È vero che, quando si decide di scrivere, la scelta forse più drammatica è quella di scegliere o privilegiare un determinato stile tra i tanti possibili, decidere insomma in quale marcia intraprendere questa nuova avventura, a quale registro narrativo dare la preferenza?
Certo, ma non è una scelta drammatica. Anzi, non è nemmeno una scelta. Per quello che dicevo, la scrittura nasce sempre dall’amore per un certo tipo di scritture. Per cui la scelta di un genere o anche l’adozione di uno stile viene da sé. Se quando entri in una libreria l’occhio ti corre d’istinto allo scaffale della fantascienza, perché dovresti voler scrivere gialli? E se ti commuovono “Romeo e Giulietta” e “Via col vento”, perché intestardirsi a raccontare di mafia e camorra? Sarebbe solo una sofferenza, per te e probabilmente per il tuo lettore. E se sul comodino hai un romanzo di 007 e non uno di Calvino, ci sono dubbi sullo stile che preferisci?
Anche perché in fondo ci può anche piacere, come lettori, un determinato stile o un determinato autore, ma non è detto che sia cosa saggia per noi, come scrittori, emulare proprio quello. Potrebbe essere meglio, forse, utilizzare lo stile che più ci si confà e che maggiormente ci somiglia. O quello, semplicemente, col quale siamo in maggiore confidenza e che abbiamo maggiori probabilità di realizzare al meglio.

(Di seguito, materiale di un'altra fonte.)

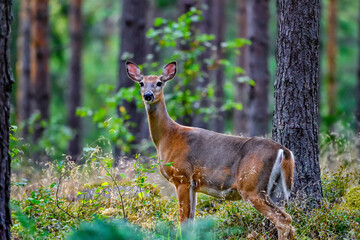 White-tailed deer in the pine forest at dusk. Winter coat is coming to replace summer coat.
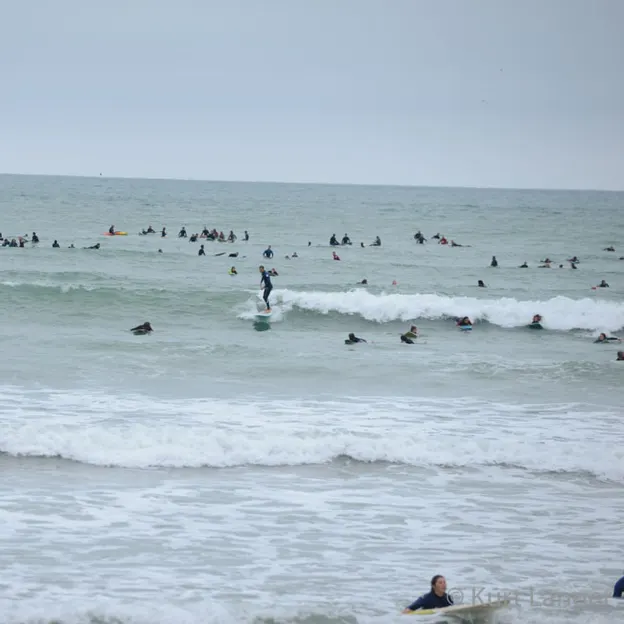 Paddle Out Tribute 24.03.2019 — photograph 34 of 46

No. Se un autore ti piace, significa che in qualche maniera interagisce con la tua natura, la tua visione del mondo ecc. Non ha senso dire: X è secondo me il più grande, però io mi ispiro a Y per enne motivi. Se non cerchi almeno di emulare quello che ti appassiona, è già finito lo scopo di scrivere. Lo stile è in fondo habitus, abito.